We have added the scan from V Magazine Winter 2014 to the image gallery. The photo was taken by Dario Catellani and Fashion by Vittoria Cerciello.
THE ISRAEL BORN BOMBSHELL IS ADJUSTING TO STARDOM ON THE HEELS OF HER FIRST BLOCKBUSTER, ALONGSIDE MERYL STREEP.
For 17-year-old actress Odeya Rush, success may have come early, but the path to Hollywood wasn’t easy. “I didn’t really speak English,” recalls the Israeli immigrant, who resided in Alabama and then New Jersey after her family moved to America, when she was nine. “I started out with modeling gigs, then silent commercials — my agent told me I could come back When I erased my accents. I had the Israeli accent, but also a Jersey one! I practiced every day after school.”Rush worked hard and returned six months later, rid of them both.
A couple of TV roles and a part in Disney’s The Odd Life of Timothy Green came shortly after. Then her family moved to Los Angeles. “It was six months of auditioning for so many things,” Rush says of entering the business. “There were a lot of bad parts that I auditioned for and wanted so badly just because I was in L.A. I read for one casting agent who told me—and I won’t name her —but she told me I would never be on the level of two other actresses my own age.” The agent’s takedown could have shut the still very young thespian down, but instead it lit a fire.
The stunning blue-eyed brunette booked Phillip Noyce’s adaptation of the dystopian young-adult classic The Giver, costarring Meryl Streep (“she makes a person when she acts”), Jeff Bridges (“an old soul who transforms”), and new pal Taylor Swift.
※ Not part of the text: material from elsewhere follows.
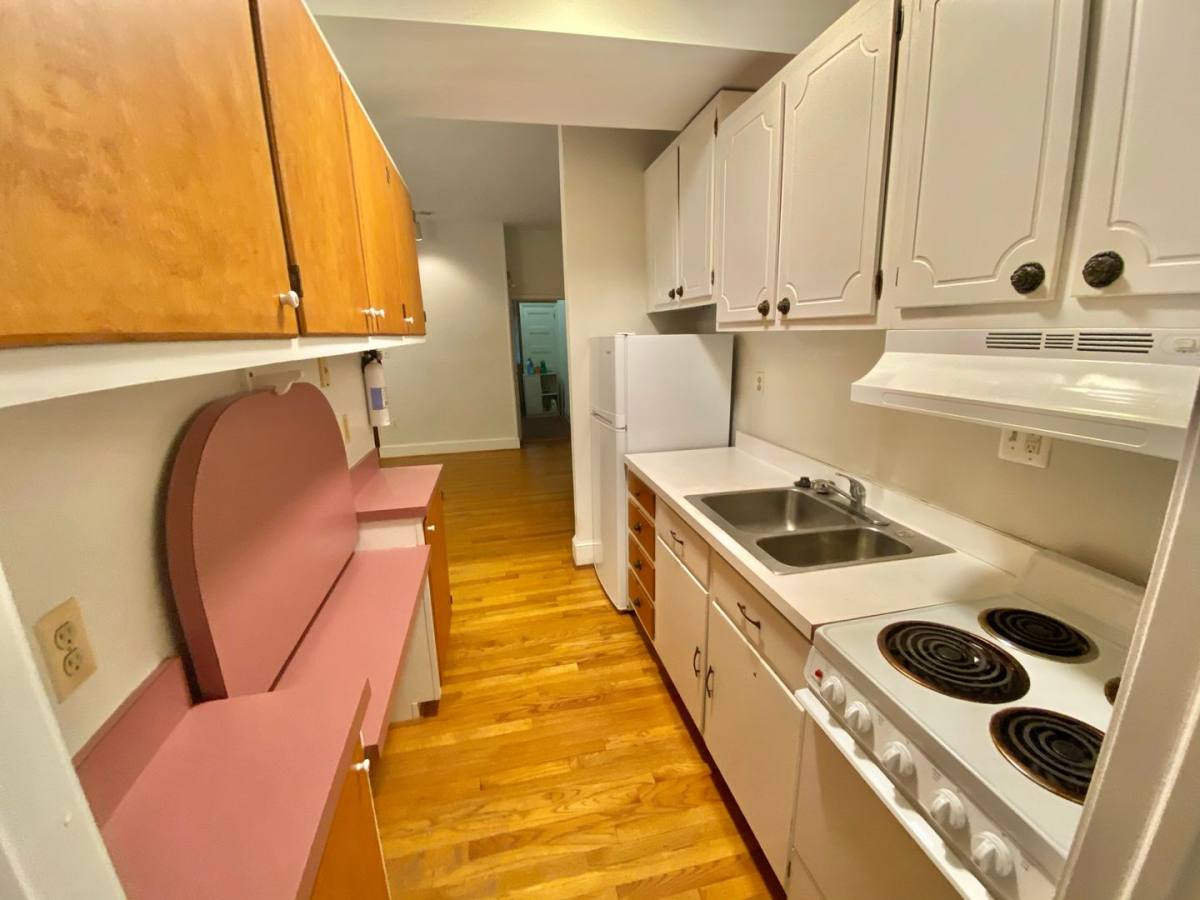 Apartment for rent at 616 A St #NE, Washington, DC 20002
She locked down the lead role in a blockbuster adaptation of the Goosebumps series, opposite Jack Black, immediately after.
“It’s such a thrill!” Rush exclaims. “You’re never going to be bored with acting. You’re never going to get stuck. It’s endless. There’s nothing else like it.” She says she’s taking her newfound career one day at a time— read-ing new scripts, writing a few of her own, starting her senior year of high school, and indulging in her other passion. “I really love singing! But I don’t have the voice,” she admits. With her first passion hitting its stride, a girl can always dream: “My album would be very…autotuned.”